I’ve said it a thousand times this campaign season: look at the example right in front of you. Parts of the Jewish community are standing by an indicted senator. Not everybody, of course—but I admire the instinct. Marion Barry was flawed, but his people knew he stood with them, so they stood with him. Who do we revere like that? Who do we say, “That’s not happening to them—we’re standing with them no matter what”?
Instead, we turn on each other over the pettiest infractions. We can’t see the big picture, and it saddens me to my core.
Time has made us comfortable. Coming out of the sixties into the seventies, there was a fire in the belly of Black America. The world knew it—including the white establishment. So trinkets were handed out. Titles, commissions, a little access here and there. Just enough to calm us down.
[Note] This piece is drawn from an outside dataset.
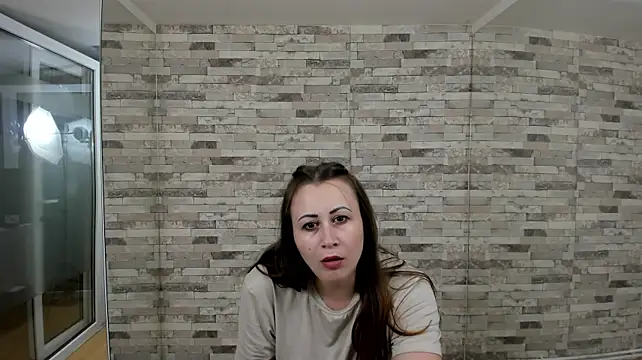 Aryanette - play pussy and twerk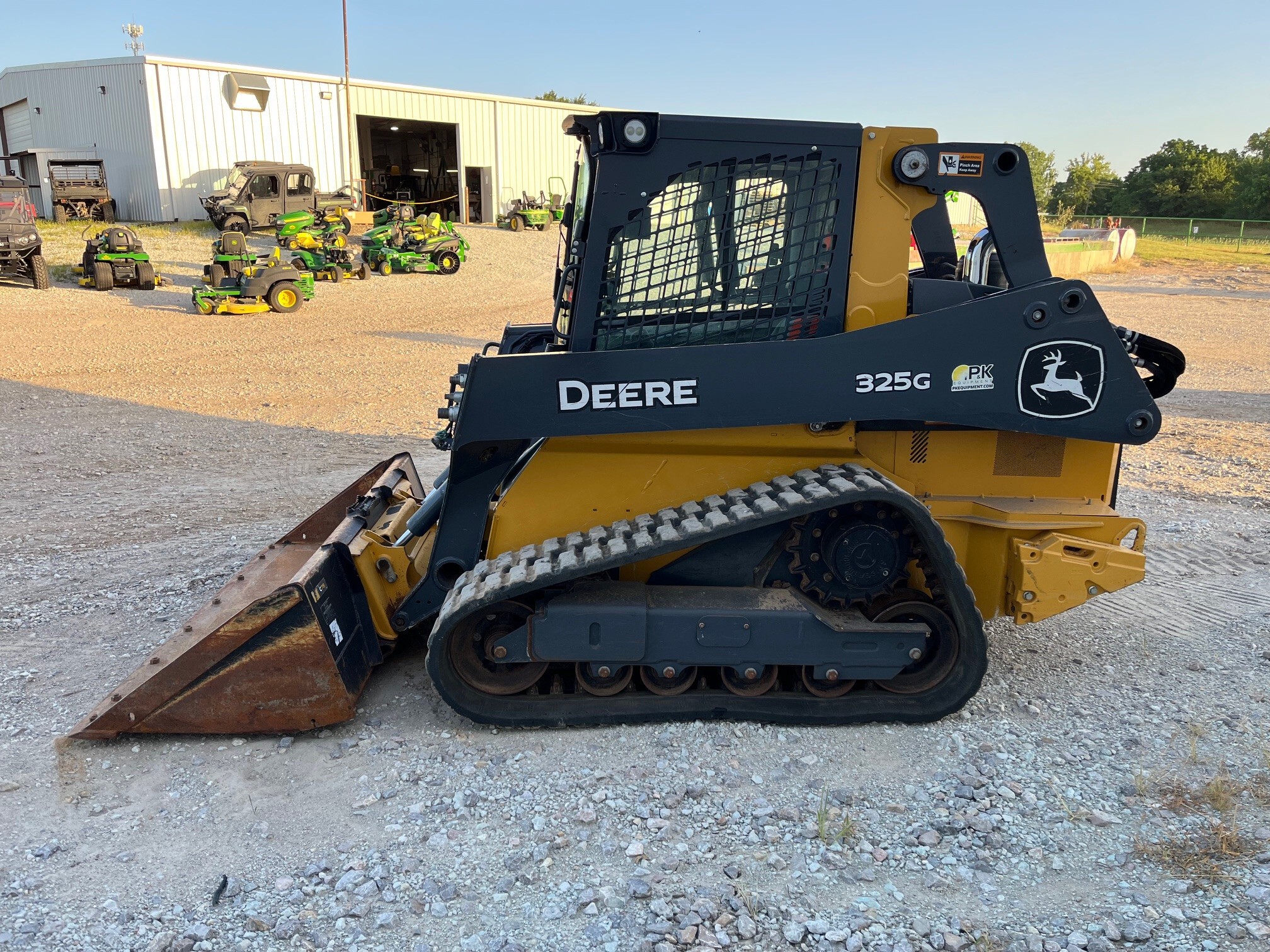 2022 John Deere 325G Image 6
But this is 2026. We have the most overtly racist president in the White House since Andrew Jackson. Voting rights are being rolled back. Civil liberties are being dismissed. Immigration agents are running down people, shooting them in the streets, snatching them up while they drop kids off at daycare and school. There is no honor, no decency left in it.
Politically, our Black elected officials are outnumbered. Many try. Many do their best. But it takes real courage—real heart, real backbone—to stand in the gap. A lot of people don’t have that. They get into positions of power and buckle. They show weakness. And the better‑funded, better‑organized interests move in and take our money, our resources, our access—often with our own signatures and votes.
In times like these, Black progress can feel perpetually out of reach. For every step forward, politics drives us two steps back. Yes, we have more Black elected officials than ever before. Yes, we see Black faces in prominent political positions like never before. But none of that means anything if it doesn’t translate into economic empowerment and real protection for our community.
That’s why I spend as much time talking about Black business as I do about Black politics. It is often easier to make progress by growing Black businesses—by illuminating and amplifying them—than by investing blind faith in the political process. Building a business is hard enough. But navigating American politics as a strong Black man or woman, especially if you’re unapologetically Black, means being under constant attack for one reason: you refuse to bow.
If you’re the type who doesn’t mind stepping and fetching, who doesn’t mind taking a check for your vote, who will side with another group before your own, then you understand why I have so little faith in certain politicians—and why I question men like Izzy Patoka taking Trump‑connected Kushner money while cutting deals that weaken Black and Democratic power. There are too many people in our community who have sold out for a small bag of silver.
When are we going to learn that we are the cavalry? No one is coming to save us. If we don’t do it for ourselves, it will never get done—nor should it. Our vote is our armor. Our businesses are our engine. Our unity is our shield.
So yes, I support Julian Jones for Baltimore County Executive. I believe he is more likely to stand up for our community than a man who takes Trump‑family checks and protects Republican power. But more important than any one name on a ballot is this: that Black people in Baltimore County, Baltimore City, and Prince George’s County remember who we are, what we have survived, and the power we still hold—if we choose to use it.
Vote. Organize. Build. And don’t let anybody—Democrat, Republican, or “moderate”—tell you that you are lucky to get whatever they decide is enough.